Spirituality is one of the eight dimensions of wellness. These eight dimensions of wellness are all connected, and growth in one area has the potential to stimulate growth in the other dimensions. As a person exercises spiritual discipline and achieves spiritual growth, their behavior towards other people changes and their social and relational wellness improves.
Spirituality has been a fundamental dimension of the human experience since the beginning of human cultural expression. Even before modern human beings emerged and formed civilizations, the Neanderthal species showed evidence of spiritual beliefs and customs. Neanderthal people would bury the dead and equip them with tools that held great value for survival success in the journey beyond life. This burial with tools ritual was evidence of the belief in an afterlife, the notion there is another dimension beyond what we see and feel here and now. These beliefs in an afterlife and a force of power greater than oneself has evolved into a variety of spiritual expression.

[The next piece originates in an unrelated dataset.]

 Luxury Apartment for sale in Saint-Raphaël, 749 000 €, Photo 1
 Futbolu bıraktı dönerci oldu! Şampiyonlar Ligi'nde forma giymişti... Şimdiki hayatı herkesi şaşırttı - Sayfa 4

Spirituality is a protective factor motivating people to think beyond the here and now as they strive for some greater meaning in life. This fundamental dimension of human psychological experience is a useful resource for facilitating growth to wellness during treatment and recovery from substance use disorders. Sobriety is an objective in the first week of treatment, but wellness is the ultimate goal of treatment and recovery. Wellness is not only experiencing freedom from disease, but also experiencing healthy functioning in multiple dimensions of life. As a person establishes sobriety and recovers from their “disorders,” they continue to navigate the journey of recovery in the direction of wellness.
Meditation – leads you to be mindful of self and others with attention to all the valuable resources around and within you
Prayer – improves your conscious connection with the source of your spirituality
Fellowship – places you in proximity to others and allows you to experience the warmth of inclusion in community
Service – results in the most valuable use of your time and talent to enhance the world around you by helping others who will experience greater wellness from you serving them
Gratitude – alters your mood and changes your personality
Sacrifice – starves dysfunctional compulsions in your life
Forgiveness – releases you from bitterness and resentment
Love – receive love from the source of your spirituality then share that love with others; love is the meaning of life and a renewable energy source gaining strength when you transfer it to others through loving actions. Its potential is not achieved through feeling, but rather through action – love is as love does
Imagine the positive impact on your own psychological well-being, relational health, and general productivity if you were to practice each of these spiritual disciplines every day.